Julie D. Fisher is an American diplomat who has served as the United States ambassador to Cyprus since February 2023. She previously served as the United States ambassador to Belarus from 2020 to 2022.

Early life and education
Fisher earned her Bachelor of Arts in Russian and East European studies from the University of North Carolina at Chapel Hill and a Master of Public Policy from the School of Public and International Affairs at Princeton University.

Career
Fisher is a career member of the Senior Foreign Service, with the rank of minister-counselor. She previously served as deputy assistant secretary of state for Western Europe and the EU in the Bureau of European and Eurasian Affairs. Before that, she was the deputy permanent representative of the U.S. Mission to NATO leading preparations for the 2018 Brussels Summit and the move to the new NATO HQ.  She was the chief of staff to the deputy secretary of state for management and resources supporting reform efforts involving knowledge management, human resources and security at U.S. facilities abroad.  Prior to that, Ambassador Fisher served as the director of the State Department's Operations Center, the 24/7 team that facilitates communications for the Secretary of State, department principals and colleagues around the globe; the Operations Center also hosts the department's task forces and crisis response teams.

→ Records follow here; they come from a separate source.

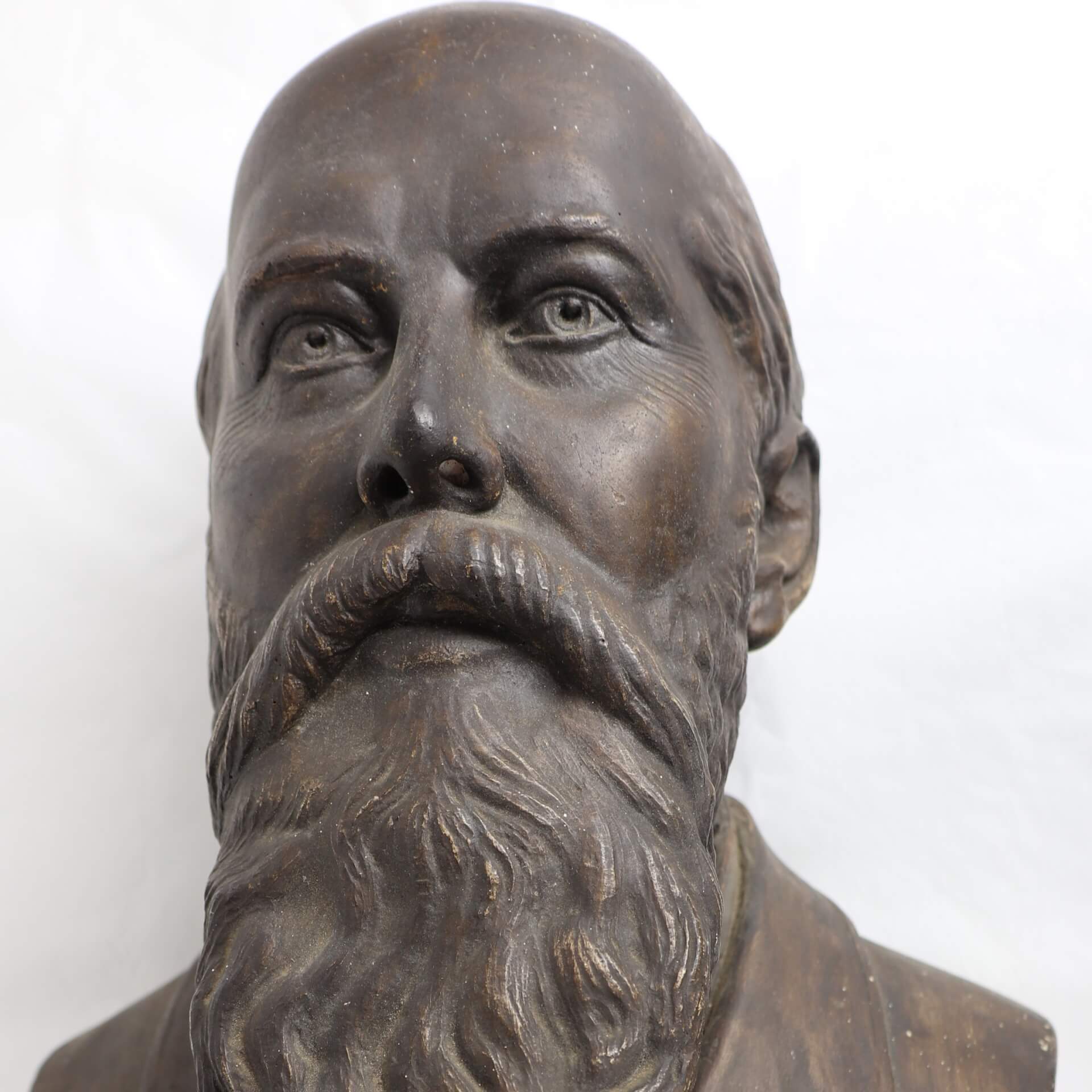 Bronze bust of a balding, bearded man, with detailed wrinkles.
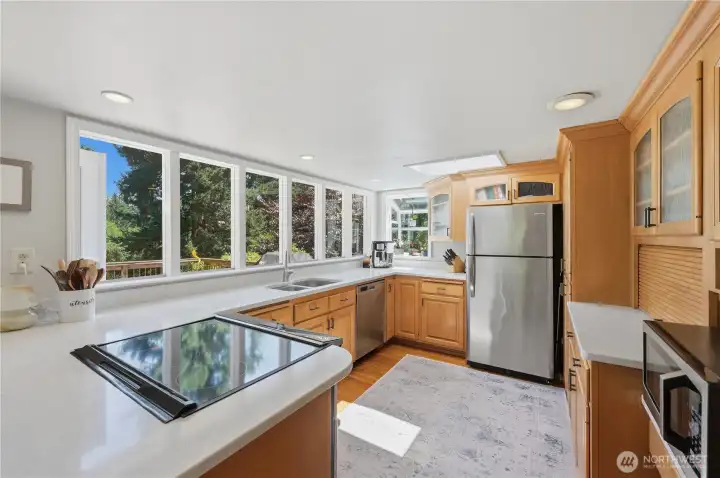 East facing windows in the kitchen and skylight bring in the natural light. East facing windows in the kitchen and skylight bring in the natural light.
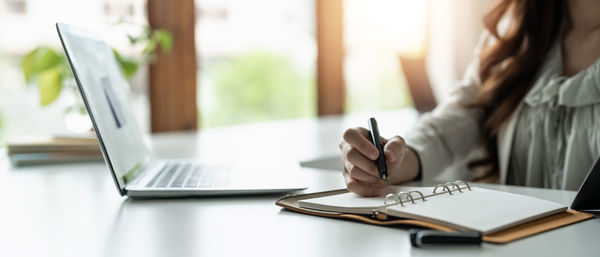 Midsection of woman using laptop on table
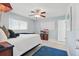 Bright bedroom features a plush bed, flat-screen TV, and windows at 1005 Catalpa Ln, Orlando, FL 32806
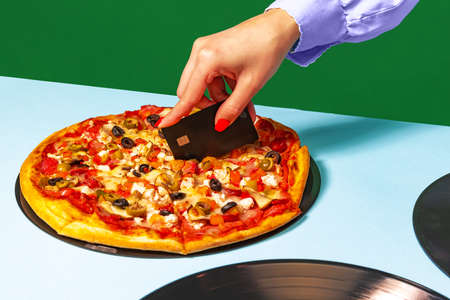 Creative slicing pizza. Female hands with italian pizza lying on vinyl discs on light tablecloth...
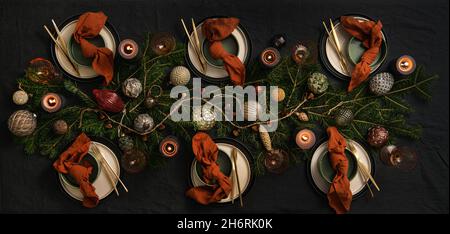 Flat-lay of Christmas table setting on dark table Stock Photo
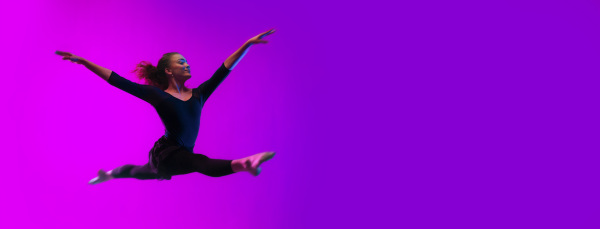 A m odern dance girl dancer jumping up dancing in neon light doing gymnastic exercises in studio, wide banner, copy space.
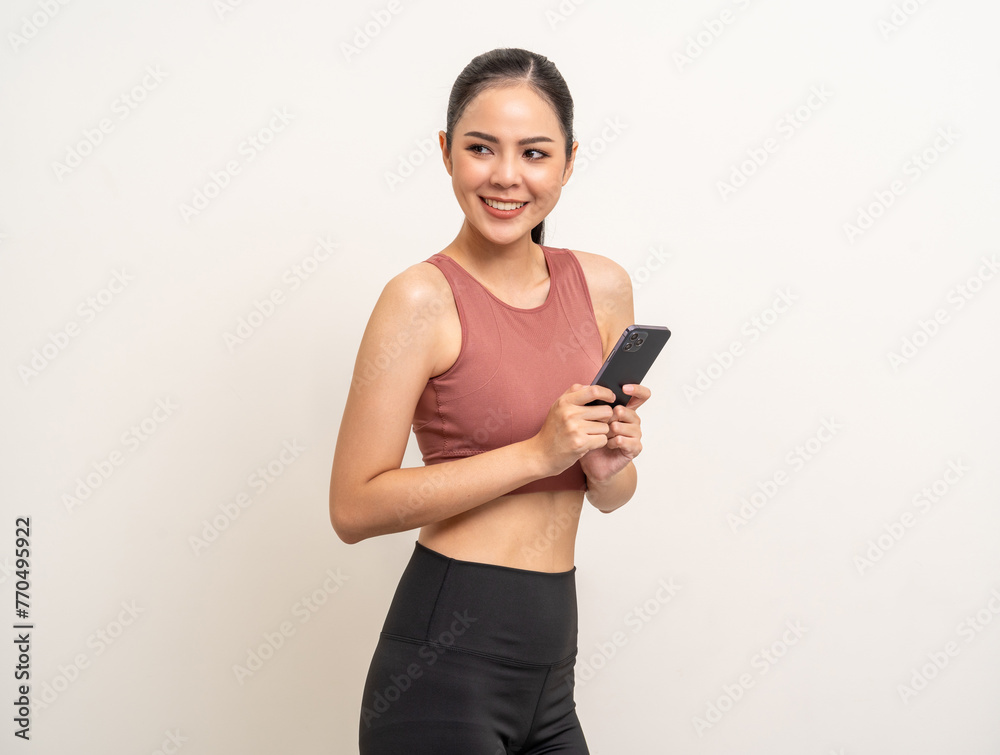 Young beautiful asian woman with sportswear using smartphone on isolated white background. Attractive Portrait latin sporty woman standing pose holding cell phone exercise workout in studio. Young beautiful asian woman with sportswear using smartphone on isolated white background. Attractive Portrait latin sporty woman standing pose holding cell phone exercise workout in studio.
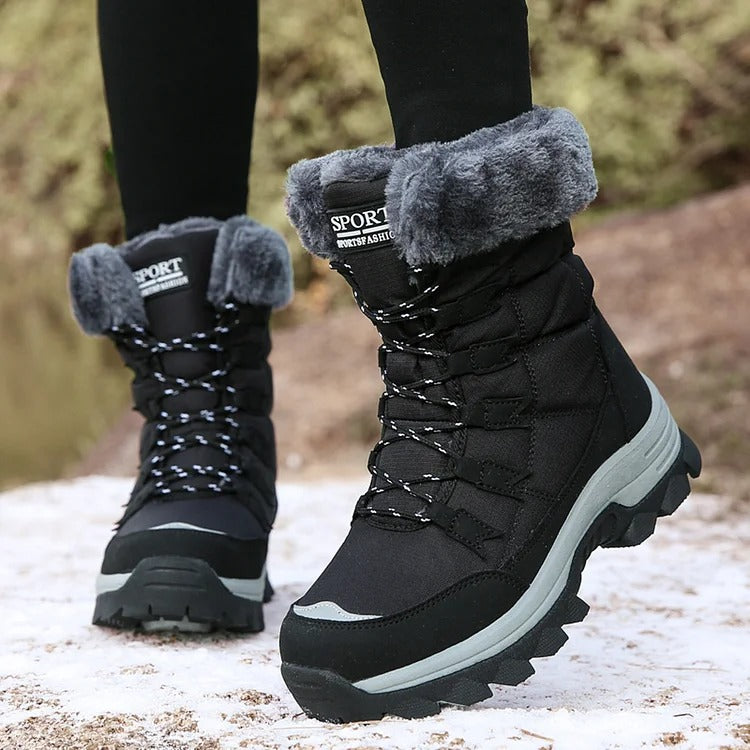 Black lace-up winter boots with grey fleece cuffs worn outdoors in snow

From 2011–2013, in support of the NATO Secretary-General, Ambassador Fisher was detailed to NATO's international staff as deputy director of the Private Office. She has served in assignments at U.S. embassies in Tbilisi, Georgia; Kyiv, Ukraine; and Moscow, Russia, as well as tours at the National Security Council, the bureaus for European Affairs and Near Eastern Affairs, and as a member of the Secretary of State's Executive Secretariat Staff.

United States ambassador to Belarus
On April 20, 2020, President Donald Trump nominated Fisher to be the United States ambassador to Belarus. Hearings on her nomination were held before the Senate Foreign Relations Committee on August 5, 2020. The committee favorably reported her nomination to the Senate floor on September 22, 2020. Fisher was confirmed by the Senate on December 15, 2020, via voice vote, Fisher became the first U.S. ambassador to Belarus since 2008. She was denied a visa by Belarusian authorities and she relocated to Lithuania as a U.S. special envoy for Belarus in October 2021. On June 9, 2022, Fisher announced that her tenure would be coming to an end.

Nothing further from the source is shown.